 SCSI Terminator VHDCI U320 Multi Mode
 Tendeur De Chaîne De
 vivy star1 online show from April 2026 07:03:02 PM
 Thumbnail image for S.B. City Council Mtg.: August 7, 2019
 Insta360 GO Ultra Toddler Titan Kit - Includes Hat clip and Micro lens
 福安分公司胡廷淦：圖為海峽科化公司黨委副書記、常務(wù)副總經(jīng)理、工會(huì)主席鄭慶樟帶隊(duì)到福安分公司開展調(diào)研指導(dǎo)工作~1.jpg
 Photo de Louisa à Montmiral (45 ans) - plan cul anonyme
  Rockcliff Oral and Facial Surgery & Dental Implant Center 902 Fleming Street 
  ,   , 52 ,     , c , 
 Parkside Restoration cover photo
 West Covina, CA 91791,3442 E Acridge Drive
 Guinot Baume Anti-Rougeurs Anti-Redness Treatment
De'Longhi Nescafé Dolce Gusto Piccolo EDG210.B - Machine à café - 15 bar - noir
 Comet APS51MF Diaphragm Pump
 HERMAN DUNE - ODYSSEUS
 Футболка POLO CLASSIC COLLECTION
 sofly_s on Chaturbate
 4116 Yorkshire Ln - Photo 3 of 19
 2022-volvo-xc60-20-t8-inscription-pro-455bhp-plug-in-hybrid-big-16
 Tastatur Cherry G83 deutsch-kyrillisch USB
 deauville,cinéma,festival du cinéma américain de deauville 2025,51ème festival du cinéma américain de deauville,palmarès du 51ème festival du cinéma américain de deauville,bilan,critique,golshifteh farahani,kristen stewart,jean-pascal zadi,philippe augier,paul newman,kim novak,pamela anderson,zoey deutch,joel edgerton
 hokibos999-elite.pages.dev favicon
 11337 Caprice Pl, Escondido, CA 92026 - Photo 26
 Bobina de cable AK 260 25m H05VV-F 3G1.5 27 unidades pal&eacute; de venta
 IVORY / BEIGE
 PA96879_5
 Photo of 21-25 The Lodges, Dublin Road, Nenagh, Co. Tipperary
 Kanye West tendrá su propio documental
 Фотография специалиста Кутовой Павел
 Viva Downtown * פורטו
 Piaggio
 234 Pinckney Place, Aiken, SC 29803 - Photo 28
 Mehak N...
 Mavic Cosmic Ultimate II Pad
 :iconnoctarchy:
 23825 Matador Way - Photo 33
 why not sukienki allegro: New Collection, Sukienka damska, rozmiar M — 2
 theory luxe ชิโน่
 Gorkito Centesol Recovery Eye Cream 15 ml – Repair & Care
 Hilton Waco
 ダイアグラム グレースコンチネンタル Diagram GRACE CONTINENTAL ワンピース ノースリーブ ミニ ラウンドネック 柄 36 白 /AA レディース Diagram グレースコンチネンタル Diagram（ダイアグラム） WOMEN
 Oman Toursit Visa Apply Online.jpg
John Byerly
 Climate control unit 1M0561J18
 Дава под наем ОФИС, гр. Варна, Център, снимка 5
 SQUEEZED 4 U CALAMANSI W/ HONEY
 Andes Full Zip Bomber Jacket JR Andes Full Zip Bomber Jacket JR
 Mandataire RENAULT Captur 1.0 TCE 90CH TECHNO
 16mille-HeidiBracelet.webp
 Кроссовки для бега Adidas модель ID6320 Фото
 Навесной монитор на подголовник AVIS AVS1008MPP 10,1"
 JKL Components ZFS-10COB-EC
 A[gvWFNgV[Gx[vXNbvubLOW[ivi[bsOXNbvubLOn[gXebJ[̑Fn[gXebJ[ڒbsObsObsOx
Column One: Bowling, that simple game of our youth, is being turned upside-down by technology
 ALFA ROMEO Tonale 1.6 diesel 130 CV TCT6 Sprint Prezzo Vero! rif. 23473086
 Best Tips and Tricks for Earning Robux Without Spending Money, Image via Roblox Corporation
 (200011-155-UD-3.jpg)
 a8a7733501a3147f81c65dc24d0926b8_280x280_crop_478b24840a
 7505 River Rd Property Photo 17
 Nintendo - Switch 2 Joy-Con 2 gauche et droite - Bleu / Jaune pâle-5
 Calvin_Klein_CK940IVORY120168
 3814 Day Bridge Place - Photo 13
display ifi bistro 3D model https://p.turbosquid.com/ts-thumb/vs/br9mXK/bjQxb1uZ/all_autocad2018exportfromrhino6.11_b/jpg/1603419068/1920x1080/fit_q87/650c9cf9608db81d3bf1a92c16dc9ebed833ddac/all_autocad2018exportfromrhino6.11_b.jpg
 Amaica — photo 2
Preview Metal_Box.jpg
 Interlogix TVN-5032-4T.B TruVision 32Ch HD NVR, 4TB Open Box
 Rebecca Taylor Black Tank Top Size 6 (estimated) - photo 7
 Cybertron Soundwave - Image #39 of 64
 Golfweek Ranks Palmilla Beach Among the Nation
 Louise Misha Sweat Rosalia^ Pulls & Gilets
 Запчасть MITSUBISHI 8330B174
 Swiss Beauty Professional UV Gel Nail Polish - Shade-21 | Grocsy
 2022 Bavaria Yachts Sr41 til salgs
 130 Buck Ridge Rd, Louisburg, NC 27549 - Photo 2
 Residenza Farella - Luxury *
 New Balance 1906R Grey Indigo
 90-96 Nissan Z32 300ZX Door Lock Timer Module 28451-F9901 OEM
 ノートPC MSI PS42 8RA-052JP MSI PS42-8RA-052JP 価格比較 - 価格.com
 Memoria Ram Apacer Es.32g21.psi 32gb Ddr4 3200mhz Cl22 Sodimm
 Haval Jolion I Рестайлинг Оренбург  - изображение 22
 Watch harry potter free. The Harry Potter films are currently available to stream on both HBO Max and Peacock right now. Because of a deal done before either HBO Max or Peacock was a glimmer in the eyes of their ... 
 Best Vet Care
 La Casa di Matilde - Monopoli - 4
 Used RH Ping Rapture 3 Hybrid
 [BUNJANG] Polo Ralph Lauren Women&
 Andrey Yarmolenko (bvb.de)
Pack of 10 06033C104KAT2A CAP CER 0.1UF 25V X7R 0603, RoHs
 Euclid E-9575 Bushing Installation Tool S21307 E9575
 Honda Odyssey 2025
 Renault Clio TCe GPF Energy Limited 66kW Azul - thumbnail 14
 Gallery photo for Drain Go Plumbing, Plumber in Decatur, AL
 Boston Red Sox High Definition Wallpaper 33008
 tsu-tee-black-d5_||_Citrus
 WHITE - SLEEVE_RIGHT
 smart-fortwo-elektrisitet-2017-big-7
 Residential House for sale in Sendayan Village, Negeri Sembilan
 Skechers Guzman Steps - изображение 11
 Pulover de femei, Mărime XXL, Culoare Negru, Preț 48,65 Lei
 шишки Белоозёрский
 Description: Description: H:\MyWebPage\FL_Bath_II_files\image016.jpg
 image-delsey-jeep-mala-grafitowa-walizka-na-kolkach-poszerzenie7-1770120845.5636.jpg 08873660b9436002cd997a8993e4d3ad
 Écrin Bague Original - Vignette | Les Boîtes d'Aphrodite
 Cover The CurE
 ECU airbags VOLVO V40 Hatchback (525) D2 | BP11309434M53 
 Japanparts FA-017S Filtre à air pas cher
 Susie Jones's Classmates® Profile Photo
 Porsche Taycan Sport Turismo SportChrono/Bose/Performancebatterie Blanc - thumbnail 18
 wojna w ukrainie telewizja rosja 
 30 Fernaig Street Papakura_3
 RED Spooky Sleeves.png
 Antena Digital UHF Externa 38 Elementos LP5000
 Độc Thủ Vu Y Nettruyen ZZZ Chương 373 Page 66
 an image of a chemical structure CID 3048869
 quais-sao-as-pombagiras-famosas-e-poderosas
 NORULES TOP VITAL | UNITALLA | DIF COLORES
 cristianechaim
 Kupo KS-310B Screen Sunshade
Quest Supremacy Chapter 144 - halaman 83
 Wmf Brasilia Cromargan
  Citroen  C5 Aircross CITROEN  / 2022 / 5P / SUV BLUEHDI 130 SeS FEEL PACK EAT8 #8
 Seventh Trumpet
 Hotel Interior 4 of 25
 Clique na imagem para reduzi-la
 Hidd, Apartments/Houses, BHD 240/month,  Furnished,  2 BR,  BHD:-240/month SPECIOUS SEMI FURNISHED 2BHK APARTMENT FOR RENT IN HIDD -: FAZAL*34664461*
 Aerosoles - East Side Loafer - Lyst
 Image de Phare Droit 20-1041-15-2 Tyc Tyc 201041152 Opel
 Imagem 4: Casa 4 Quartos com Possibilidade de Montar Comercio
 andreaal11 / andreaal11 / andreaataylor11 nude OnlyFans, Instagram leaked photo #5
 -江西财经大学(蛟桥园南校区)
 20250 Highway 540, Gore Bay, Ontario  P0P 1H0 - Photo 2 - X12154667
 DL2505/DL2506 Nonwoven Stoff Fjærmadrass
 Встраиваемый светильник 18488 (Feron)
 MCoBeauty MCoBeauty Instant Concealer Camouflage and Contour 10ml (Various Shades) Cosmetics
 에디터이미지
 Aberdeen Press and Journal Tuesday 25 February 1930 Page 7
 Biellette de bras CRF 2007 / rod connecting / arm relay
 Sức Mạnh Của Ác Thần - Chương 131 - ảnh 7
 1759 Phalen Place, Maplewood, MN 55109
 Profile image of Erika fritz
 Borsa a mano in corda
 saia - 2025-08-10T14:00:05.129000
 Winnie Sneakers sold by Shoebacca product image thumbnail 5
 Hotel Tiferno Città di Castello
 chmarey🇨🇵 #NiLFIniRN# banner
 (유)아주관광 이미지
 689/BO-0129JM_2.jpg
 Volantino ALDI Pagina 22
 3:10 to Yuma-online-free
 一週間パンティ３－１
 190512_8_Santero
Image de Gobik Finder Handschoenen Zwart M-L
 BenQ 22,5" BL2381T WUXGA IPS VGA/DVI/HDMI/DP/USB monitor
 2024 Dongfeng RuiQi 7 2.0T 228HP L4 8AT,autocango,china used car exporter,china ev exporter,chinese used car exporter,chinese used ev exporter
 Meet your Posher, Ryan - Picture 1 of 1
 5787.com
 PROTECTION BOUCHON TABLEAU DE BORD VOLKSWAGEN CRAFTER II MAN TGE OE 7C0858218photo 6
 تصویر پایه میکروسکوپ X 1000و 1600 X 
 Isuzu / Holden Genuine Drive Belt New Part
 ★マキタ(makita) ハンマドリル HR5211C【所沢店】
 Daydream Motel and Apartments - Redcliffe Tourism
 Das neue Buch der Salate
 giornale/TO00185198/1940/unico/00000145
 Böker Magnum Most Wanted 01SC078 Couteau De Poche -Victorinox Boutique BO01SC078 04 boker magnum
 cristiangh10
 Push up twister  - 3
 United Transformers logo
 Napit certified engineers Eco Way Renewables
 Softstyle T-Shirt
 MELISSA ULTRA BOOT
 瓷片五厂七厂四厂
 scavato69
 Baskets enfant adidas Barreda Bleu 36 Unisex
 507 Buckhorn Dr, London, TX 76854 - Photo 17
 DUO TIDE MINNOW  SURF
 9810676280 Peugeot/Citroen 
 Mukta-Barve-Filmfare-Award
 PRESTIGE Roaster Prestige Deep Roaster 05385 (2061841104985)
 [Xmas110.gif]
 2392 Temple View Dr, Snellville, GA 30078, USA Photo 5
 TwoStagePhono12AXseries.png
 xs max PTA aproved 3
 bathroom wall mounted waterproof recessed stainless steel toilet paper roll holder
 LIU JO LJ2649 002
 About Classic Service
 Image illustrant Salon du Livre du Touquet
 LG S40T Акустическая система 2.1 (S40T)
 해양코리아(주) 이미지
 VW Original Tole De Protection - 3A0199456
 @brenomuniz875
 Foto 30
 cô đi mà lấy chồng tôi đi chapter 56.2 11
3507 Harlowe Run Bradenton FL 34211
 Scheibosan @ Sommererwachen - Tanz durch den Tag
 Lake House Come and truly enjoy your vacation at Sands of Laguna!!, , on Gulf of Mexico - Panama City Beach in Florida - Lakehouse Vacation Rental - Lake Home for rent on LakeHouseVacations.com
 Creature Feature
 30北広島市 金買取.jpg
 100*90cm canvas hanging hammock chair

• Work instructions:
Go through the entries. Report every line that contains the word "Profile".

• Exercise solution:
 Susie Jones's Classmates® Profile Photo
 Profile image of Erika fritz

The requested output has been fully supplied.